*Instructions to follow*. From the entries below, copy exactly the lines from the one that contains "istock Relationship Concept." through the one that contains "Батько і його", both included, and only those.

Dataset items
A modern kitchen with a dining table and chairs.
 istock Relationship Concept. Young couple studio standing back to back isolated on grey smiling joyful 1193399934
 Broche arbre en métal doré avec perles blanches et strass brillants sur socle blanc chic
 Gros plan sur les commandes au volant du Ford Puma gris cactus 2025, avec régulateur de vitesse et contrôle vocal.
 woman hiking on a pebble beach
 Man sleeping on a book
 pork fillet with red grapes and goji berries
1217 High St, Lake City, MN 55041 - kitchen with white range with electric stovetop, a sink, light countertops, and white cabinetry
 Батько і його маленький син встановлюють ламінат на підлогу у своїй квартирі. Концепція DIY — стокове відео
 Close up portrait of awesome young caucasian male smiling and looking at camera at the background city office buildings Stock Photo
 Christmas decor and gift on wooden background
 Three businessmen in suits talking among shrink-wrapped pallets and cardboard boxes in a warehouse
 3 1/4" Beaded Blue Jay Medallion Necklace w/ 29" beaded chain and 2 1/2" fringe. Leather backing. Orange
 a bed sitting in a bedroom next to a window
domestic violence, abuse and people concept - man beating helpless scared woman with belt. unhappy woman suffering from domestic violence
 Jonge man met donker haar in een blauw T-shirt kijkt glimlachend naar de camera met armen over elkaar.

*Result*.
 istock Relationship Concept. Young couple studio standing back to back isolated on grey smiling joyful 1193399934
 Broche arbre en métal doré avec perles blanches et strass brillants sur socle blanc chic
 Gros plan sur les commandes au volant du Ford Puma gris cactus 2025, avec régulateur de vitesse et contrôle vocal.
 woman hiking on a pebble beach
 Man sleeping on a book
 pork fillet with red grapes and goji berries
1217 High St, Lake City, MN 55041 - kitchen with white range with electric stovetop, a sink, light countertops, and white cabinetry
 Батько і його маленький син встановлюють ламінат на підлогу у своїй квартирі. Концепція DIY — стокове відео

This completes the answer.